Революционный этюд

Виталий Бердышев
Это великолепное произведение гениального композитора я неоднократно слышал в детстве в исполнении моего учителя музыки Евгения Сергеевича Болдина. Восхищался его красотой, но даже не помышлял когда-нибудь его выучить.
Учась в академии, был поражён, что это произведение пытался играть мой однокашник Витя Подолян. Правда, он играл всего несколько первых тактов из этюда, но и этого было достаточно, чтобы произвести впечатление. Конечно, мне захотелось его выучить, и я срочно обменял все имевшиеся у меня ноты на толстенный сборник Шопена, принадлежавший Вите.
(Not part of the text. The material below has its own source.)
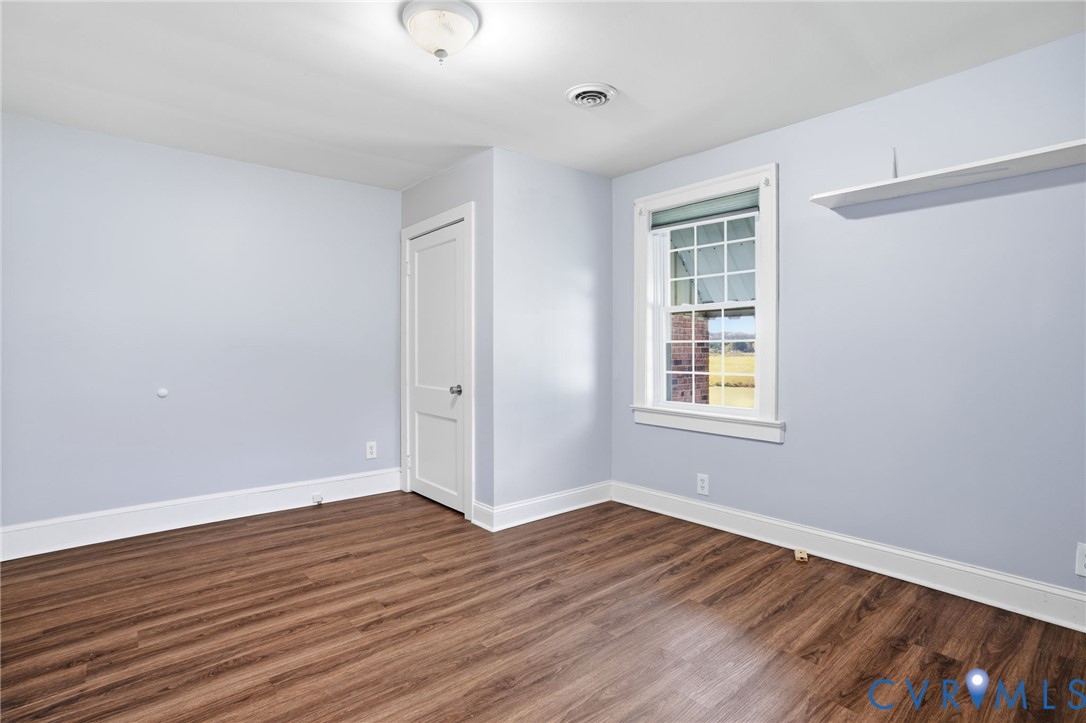 9102 Boydton Plank Road Petersburg, VA 23803 - Photo 21 of 32 a view of an empty room with wooden floor and a window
На первом и втором курсе я ещё периодически занимался музыкой, играл по воскресеньям и по вечерам в третьей аудитории, где стояло отличное пианино. На втором курсе я уже играл этот этюд. И даже хотел на одном из вечеров (проходившем в Бронетанковой академии) исполнить его вместо намеченного «Жаворонка» Глинки-Балакирева. Проиграл его пару раз в соседнем с залом кабинете, но так и не решился выставить напоказ свои естественные недоработки.
 Начиная с третьего курса, в академии я играл очень редко. Порой не подходил к инструменту долгими месяцами. И это, несмотря на то, что на курсе, в ленкомнате находилось прекрасное пианино, и где можно было играть часами, особенно во время дежурства в казарме – когда дневальному предоставлялось несколько часов отдыха. Иногда всё же жажда музыки вновь овладевала мной, и я садился за инструмент, вспоминая кое-что из своей программы. Однажды (это было на четвёртом, или на пятом курсе) я дежурил по роте. Встретив, как положено, начальство, оставил дневального у столика дежурного, а сам решил немного поиграть из того, что ещё помнил наизусть, – нот при себе у меня тогда не было. Немного разыгравшись и почувствовав, что пальцы «идут», попробовал вспомнить этюд Шопена. И чудо – я его не забыл! И он сразу стал получаться. И я чувствовал, что в состоянии сегодня передать всю страсть и жажду борьбы, заложенную в произведении  автором.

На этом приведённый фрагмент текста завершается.